Dar un infarto

Recuerdo de manera muy nítida cómo, hace dos años, Risto Mejide entrevistaba a Cristina Cifuentes. Lo hizo cuando se había recuperado del accidente de moto que había sufrido, en la que resultó herida grave y donde incluso se llegó a temer por posibles complicaciones físicas y neuronales.

Como muchas otras personas, la entonces delegada del Gobierno en Madrid aseguró que tras aquel episodio ‘se iba a tomar la vida de otra manera’ y que se había dado cuenta de las cosas que eran realmente importantes.

Recuerdo también cómo, a través de Twitter, mantuve una conversación con ella preguntándole por qué creía que tenía que haber ocurrido esto para valorar algunos aspectos personales fundamentales. Debo decir, a su favor, que no solo contestó sino que lo hizo de manera educada. Quizá aquella actitud formaba ya parte de su cambio.

Siempre pongo este ejemplo porque existe, al menos en la generación anterior a la mía, un mantra que se repite a lo largo del tiempo. Y que casi siempre aparece después de sufrir una desgracia en el plano personal.

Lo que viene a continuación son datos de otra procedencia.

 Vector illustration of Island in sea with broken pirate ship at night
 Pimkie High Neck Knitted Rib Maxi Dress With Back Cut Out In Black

Son muchos (y muchas) los que lamentan al final de su vida, o incluso a mitad de ella cuando se encuentran con una circunstancia incapacitante total o parcial, no haber pasado más tiempo con sus hijos. O no haber hecho aquel viaje con el que siempre soñaron. O haber dedicado los últimos 40 años a trabajar en un lugar que les disgustaba profundamente, lleno de gente que les aportaba más bien poco.

Volviendo a Risto, en otra conversación con Iñaki Gabilondo, este finaliza sus reflexiones diciendo que si volviera a nacer se pasaría horas al día mirando a sus hijos. Viéndoles crecer. Es la confirmación definitiva de que alguien que ha conocido el éxito profesional cree en lo más profundo que no ha corrido la misma suerte en el ámbito familiar.

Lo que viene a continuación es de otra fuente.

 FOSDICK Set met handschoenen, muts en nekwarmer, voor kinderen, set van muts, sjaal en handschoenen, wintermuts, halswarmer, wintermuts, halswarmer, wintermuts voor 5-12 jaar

Y, sin embargo, sigue habiendo muchísimas personas que se matan a trabajar pensando en que lo hacen para mantener a su gente (en muchos casos, por desgracia, no hay más remedio). Pero incluso aquellas que no tendrían necesidad lo hacen. Porque se nos ha enseñado que somos aquello en lo que trabajamos. Y no aquello de lo que disfrutamos.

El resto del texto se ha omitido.